Die Studiengebühren, die die neue Uni nur auf Nachfrage verrät, liegen nach Angaben einer Sprecherin bei 12.500 Euro pro Semester für die ersten beiden Studienjahre (vorklinische Phase). Für die darauffolgenden vier Jahre werden sogar 14.000 Euro pro Semester fällig, wenn die Studierenden weiter in Deutschland bleiben und an Lehrkrankenhäusern in der Bundesrepublik ausgebildet werden wollen. Derzeit gibt es Kooperationen mit dem Evangelischen Krankenhaus Mettmann und dem Diakonissen-Stiftungs-Krankenhaus in Speyer, nicht aber mit einer Hamburger Klinik.
Zusammen kostet ein Komplettstudium in Deutschland 162.000 Euro – plus eine Immatrikulationsgebühr von einmalig 3500 Euro, sowie eine Bewerbungsgebühr von 350 Euro. Alternativ dazu gibt es auch die Möglichkeit, für die zweite Studienphase nach Rumänien zu wechseln. Dort liegen die Studiengebühren dann "nur" noch bei 3000 Euro pro Semester, was sich über die Jahre dann auf 74.000 Euro summiert. Auch hier kommen aber noch Immatrikulations- und Bewerbungsgebühr obendrauf.
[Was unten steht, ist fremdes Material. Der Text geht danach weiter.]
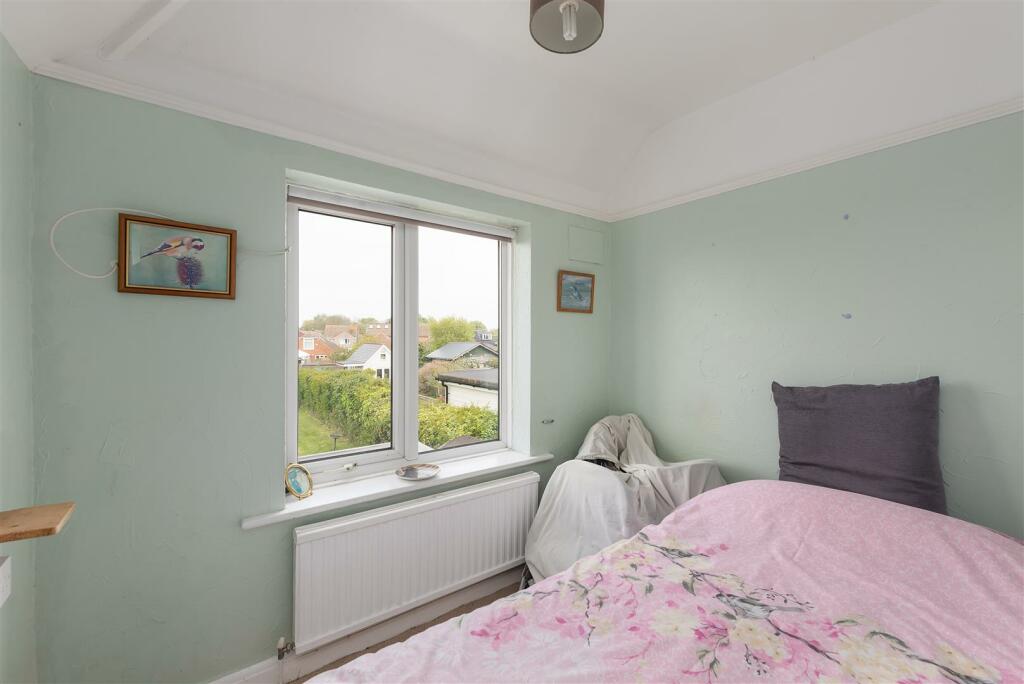 3 bedroom detached house for sale in Douglas Avenue, Whitstable, CT5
Angeblich neueste Medizintechnik
Für das Geld sollen die angehenden Ärztinnen und Ärzte dann aber auch eine zeitgemäße und europaweit anerkannte Ausbildung erhalten. Der Hamburger Campus stelle den Studierenden neueste Medizintechnik zur Verfügung, unter anderem auch einen 3-D-Anatomie- und Seziertisch. In Laboratorien könnten sich die Studierenden anspruchsvollste medizinische Fertigkeiten aneignen sowie forschungsbasierte Experimente durchführen.
Hightech-Hörsäle, sowie -Seminarräume und mit modernster Technik ausgestattete EDV-Arbeitsplätze rundeten das Angebot ab, heißt es beim UMCH. Das Studium führt nach Angaben des neuen Anbieters zu einer rumänischen Approbation, die aber europaweit gelte.
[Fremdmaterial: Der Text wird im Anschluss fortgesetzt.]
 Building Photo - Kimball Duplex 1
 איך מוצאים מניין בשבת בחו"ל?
Europaweit anerkannter Abschluss
Ein Sprecher der Gesundheitsbehörde bestätigte dem Abendblatt zunächst nur, dass die rumänische Universität die Errichtung einer Niederlassung in Hamburg gemäß Paragraf 117a des Hamburger Hochschulgesetzes angezeigt hat. Soweit das Studium am UMCH zu einem Abschluss in Rumänien führe, werde dieser laut einer EU-Richtlinie aus dem Jahr 2005 automatisch in der Europäischen Union anerkannt. Eine inhaltliche Überprüfung der Gleichwertigkeit der Ausbildung mit der deutschen Ausbildung finde nicht statt, so der Sprecher weiter.
Die Universität für Medizin, Pharmazie, Naturwissenschaften und Technik Neumarkt am Mieresch ist mit über 11.000 Studierenden die größte medizinische Universität Rumäniens.